Recent Posts
Sponsors
 |
Processing Payments: Authorize vs Capture vs SettledMike Peters, 01-04-2011 |
When processing credit card payments, there are several "transaction types" used to identify what action to take with the customer's credit card.
The "transaction type" tells your merchant processor, whether you want to charge the customer's credit card, issue a refund or obtain an authorization code for a specific amount.
People often get confused with all these different transaction types and how they're used, so I wanted to try and clear things up a bit.
With this post, I'll cover the purpose of each "transaction type" and how they're used in the real world.
The same principles apply whether you're processing payments online, offline, using Authorize.net or using any other payment gateway. So it's a good idea to understand how it all works.
Process Flow
Before we dive into transaction types, it will help if we first understand the payment process flow. How money moves from a customer's bank account to yours.
There are lots of tutorials online about transaction types, but I found them all to be way too technical. Here's my attempt of breaking things down, in lamen terms...
Let's meet Dorris.
Dorris is an affluent traveler who loves exotic destinations.

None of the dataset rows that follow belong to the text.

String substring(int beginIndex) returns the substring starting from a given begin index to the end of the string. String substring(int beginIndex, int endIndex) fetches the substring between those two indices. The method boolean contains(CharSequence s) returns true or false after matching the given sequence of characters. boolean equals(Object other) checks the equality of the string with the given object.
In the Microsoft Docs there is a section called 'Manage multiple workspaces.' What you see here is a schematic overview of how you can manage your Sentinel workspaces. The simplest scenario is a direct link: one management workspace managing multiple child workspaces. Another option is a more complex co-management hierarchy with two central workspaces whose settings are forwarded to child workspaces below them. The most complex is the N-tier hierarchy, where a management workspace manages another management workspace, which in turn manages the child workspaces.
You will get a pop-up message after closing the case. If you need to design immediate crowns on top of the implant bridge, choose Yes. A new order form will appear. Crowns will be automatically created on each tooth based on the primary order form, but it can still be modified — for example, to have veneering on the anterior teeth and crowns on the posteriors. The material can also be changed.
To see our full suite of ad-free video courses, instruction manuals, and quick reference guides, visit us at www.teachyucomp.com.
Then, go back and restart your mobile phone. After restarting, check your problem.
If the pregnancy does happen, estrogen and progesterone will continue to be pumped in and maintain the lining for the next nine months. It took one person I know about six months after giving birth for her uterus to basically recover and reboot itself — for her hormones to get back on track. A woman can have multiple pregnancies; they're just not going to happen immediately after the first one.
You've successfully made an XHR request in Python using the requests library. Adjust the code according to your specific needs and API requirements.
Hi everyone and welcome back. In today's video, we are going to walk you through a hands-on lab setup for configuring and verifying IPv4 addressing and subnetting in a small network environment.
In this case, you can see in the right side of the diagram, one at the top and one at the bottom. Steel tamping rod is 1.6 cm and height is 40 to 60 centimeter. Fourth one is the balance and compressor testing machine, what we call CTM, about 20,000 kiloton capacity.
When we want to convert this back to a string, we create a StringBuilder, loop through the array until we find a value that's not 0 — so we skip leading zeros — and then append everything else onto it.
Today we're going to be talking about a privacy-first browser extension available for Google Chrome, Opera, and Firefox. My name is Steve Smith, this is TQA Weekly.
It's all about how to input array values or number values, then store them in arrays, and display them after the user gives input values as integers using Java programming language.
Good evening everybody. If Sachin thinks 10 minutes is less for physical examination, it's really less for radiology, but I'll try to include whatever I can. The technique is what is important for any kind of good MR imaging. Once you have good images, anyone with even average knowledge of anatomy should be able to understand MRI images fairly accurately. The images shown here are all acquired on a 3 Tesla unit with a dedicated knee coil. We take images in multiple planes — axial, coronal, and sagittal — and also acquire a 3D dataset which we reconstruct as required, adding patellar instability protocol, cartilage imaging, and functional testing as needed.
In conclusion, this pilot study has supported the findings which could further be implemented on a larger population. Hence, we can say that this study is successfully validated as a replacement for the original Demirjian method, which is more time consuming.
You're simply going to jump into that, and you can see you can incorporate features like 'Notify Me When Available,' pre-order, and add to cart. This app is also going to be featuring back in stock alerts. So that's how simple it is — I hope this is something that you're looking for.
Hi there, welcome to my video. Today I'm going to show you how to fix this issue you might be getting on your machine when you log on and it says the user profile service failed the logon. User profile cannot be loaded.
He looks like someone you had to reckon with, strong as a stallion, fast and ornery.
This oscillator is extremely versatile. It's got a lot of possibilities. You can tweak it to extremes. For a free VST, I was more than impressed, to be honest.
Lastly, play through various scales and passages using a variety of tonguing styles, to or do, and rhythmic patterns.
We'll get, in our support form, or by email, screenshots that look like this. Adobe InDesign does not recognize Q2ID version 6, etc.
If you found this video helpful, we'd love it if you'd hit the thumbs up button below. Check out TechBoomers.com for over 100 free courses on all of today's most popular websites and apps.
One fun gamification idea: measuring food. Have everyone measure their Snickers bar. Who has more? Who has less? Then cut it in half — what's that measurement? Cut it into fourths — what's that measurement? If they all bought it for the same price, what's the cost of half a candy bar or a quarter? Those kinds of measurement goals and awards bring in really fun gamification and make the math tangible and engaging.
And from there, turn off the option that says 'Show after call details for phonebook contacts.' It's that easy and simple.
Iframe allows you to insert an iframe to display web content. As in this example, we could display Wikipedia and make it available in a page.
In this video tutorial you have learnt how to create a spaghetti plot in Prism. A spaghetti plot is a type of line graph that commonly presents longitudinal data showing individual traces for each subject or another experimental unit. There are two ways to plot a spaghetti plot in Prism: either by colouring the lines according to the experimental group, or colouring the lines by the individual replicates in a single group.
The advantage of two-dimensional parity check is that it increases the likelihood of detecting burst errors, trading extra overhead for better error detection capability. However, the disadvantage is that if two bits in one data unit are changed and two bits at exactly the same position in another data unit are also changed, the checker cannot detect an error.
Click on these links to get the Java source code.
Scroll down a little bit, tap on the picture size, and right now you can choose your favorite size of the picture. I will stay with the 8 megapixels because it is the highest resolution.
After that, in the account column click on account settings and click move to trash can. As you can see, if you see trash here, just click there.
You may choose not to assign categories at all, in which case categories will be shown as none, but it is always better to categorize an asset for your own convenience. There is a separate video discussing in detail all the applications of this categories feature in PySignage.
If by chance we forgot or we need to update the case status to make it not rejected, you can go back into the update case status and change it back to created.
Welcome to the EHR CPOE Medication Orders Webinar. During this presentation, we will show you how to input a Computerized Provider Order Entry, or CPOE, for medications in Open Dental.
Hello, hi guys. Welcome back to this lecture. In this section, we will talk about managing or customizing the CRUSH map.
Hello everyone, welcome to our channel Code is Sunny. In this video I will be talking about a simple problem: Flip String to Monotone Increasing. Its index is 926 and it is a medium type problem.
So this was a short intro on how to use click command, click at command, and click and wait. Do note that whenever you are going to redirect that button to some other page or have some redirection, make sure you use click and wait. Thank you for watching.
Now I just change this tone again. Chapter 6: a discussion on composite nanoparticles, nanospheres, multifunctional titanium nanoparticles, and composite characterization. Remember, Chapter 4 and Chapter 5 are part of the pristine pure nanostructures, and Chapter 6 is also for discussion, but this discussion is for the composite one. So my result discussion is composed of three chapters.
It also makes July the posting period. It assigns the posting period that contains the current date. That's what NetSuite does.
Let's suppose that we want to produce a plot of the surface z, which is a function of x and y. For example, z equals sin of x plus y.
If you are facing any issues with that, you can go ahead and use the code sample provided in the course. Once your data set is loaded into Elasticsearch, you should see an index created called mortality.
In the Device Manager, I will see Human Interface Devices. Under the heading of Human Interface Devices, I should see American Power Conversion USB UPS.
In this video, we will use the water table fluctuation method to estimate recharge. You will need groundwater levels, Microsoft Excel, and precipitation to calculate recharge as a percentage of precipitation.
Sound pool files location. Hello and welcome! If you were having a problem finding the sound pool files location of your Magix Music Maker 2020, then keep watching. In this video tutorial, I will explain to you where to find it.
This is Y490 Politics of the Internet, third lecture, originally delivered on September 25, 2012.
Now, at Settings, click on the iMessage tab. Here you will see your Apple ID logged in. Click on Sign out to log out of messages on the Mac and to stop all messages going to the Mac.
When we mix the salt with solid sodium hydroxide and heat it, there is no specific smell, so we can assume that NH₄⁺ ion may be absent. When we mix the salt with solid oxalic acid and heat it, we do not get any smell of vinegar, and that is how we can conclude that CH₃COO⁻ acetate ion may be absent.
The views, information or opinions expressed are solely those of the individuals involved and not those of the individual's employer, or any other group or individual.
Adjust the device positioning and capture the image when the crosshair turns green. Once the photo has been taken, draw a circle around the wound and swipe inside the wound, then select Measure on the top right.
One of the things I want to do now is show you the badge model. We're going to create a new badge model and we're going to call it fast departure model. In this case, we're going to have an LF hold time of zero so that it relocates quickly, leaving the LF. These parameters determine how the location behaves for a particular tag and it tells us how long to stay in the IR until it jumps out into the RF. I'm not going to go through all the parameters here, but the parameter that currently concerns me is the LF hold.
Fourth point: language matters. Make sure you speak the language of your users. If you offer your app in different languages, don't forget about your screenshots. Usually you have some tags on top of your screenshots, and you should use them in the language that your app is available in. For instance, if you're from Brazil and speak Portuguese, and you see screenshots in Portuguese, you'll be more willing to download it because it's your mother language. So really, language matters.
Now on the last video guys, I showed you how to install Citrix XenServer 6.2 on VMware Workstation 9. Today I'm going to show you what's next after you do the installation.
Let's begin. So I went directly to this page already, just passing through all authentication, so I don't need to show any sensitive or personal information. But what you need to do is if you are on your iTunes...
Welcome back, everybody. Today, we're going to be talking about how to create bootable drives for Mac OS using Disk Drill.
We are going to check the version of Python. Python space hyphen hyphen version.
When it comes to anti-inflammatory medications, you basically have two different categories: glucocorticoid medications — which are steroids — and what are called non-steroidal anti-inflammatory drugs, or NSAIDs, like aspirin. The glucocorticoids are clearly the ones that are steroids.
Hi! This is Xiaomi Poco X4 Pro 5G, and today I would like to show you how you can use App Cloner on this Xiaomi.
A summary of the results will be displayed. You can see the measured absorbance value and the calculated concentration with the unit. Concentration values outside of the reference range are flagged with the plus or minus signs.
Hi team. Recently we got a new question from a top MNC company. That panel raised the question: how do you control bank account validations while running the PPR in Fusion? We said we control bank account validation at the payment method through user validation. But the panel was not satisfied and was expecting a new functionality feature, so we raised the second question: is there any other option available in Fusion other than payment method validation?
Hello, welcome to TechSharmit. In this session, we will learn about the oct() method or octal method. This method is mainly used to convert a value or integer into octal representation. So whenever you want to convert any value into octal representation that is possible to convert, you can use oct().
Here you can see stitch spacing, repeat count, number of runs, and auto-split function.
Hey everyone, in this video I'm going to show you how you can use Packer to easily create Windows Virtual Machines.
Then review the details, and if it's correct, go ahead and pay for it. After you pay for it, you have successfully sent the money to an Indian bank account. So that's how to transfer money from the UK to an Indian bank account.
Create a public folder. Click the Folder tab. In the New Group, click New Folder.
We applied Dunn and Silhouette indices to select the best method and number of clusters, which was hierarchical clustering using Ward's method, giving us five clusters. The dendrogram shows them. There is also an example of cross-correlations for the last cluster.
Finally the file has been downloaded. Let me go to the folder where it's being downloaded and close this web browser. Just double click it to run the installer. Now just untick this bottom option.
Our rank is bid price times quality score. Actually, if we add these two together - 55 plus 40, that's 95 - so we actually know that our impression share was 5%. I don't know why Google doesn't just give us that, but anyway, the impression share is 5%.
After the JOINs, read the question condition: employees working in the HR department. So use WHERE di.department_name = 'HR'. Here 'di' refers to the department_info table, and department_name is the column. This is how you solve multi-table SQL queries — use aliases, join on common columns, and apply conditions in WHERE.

In one of her recent trips to Aruba, Dorris checked-in to the recently renovated Hilton hotel.
The trip was all paid-up in advance, but the guy at the front desk insisted on swiping Dorris' credit card. "This is to cover any incidentals" he said. In other words, help yourself to the minibar. The Cherry Almonds are only $15 a pop...
Dorris hands-over her credit card and the hotel submits an Authorization transaction type, in the amount of $200. The payment gateway responds with a unique authorization code that is saved in the hotel system. Dorris gets her room key and falls asleep as soon as her head hits the pillow. It was a long flight.
A few days later, while shopping at the local market, Dorris suddenly realizes she lost her purse. Credit Cards, driver license and some cash, all gone like dust in the wind.
Dorris gets on the phone with American Express and immediately cancels her credit card. This is the same card she handed to the hotel to cover any potential minibar charges.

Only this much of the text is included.